**Your assignment**.
Copy the lines below, beginning with the one that contains "ZARA Womens Tracksuit" and continuing through the final line, exactly as written and with no other lines.

Dataset items:
┌──

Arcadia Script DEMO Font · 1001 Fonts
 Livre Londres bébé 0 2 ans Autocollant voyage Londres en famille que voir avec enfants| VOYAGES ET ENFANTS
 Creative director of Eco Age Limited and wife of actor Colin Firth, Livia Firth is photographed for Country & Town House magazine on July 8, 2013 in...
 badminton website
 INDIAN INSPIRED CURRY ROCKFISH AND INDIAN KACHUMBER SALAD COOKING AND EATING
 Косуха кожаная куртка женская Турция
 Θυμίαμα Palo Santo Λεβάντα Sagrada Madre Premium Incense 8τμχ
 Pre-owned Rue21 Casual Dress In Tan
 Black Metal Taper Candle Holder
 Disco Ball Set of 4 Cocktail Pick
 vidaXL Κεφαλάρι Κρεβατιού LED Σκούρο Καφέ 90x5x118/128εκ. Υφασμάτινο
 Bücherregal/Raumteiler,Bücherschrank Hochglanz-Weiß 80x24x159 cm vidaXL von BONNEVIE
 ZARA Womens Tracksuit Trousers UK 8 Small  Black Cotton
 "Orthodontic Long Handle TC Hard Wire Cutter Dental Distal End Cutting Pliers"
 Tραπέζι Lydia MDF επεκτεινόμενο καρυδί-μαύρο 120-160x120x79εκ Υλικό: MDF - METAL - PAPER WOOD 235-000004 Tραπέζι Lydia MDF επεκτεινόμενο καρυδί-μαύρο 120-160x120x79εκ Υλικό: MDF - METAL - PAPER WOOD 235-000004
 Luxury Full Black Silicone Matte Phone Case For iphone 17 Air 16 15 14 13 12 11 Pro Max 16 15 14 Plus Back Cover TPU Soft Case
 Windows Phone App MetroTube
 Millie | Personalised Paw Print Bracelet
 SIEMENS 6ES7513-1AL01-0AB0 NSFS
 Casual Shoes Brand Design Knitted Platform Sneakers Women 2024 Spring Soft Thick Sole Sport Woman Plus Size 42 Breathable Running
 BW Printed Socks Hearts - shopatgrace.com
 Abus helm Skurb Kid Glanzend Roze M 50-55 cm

└──

**Reply to the task**.
 ZARA Womens Tracksuit Trousers UK 8 Small  Black Cotton
 "Orthodontic Long Handle TC Hard Wire Cutter Dental Distal End Cutting Pliers"
 Tραπέζι Lydia MDF επεκτεινόμενο καρυδί-μαύρο 120-160x120x79εκ Υλικό: MDF - METAL - PAPER WOOD 235-000004 Tραπέζι Lydia MDF επεκτεινόμενο καρυδί-μαύρο 120-160x120x79εκ Υλικό: MDF - METAL - PAPER WOOD 235-000004
 Luxury Full Black Silicone Matte Phone Case For iphone 17 Air 16 15 14 13 12 11 Pro Max 16 15 14 Plus Back Cover TPU Soft Case
 Windows Phone App MetroTube
 Millie | Personalised Paw Print Bracelet
 SIEMENS 6ES7513-1AL01-0AB0 NSFS
 Casual Shoes Brand Design Knitted Platform Sneakers Women 2024 Spring Soft Thick Sole Sport Woman Plus Size 42 Breathable Running
 BW Printed Socks Hearts - shopatgrace.com
 Abus helm Skurb Kid Glanzend Roze M 50-55 cm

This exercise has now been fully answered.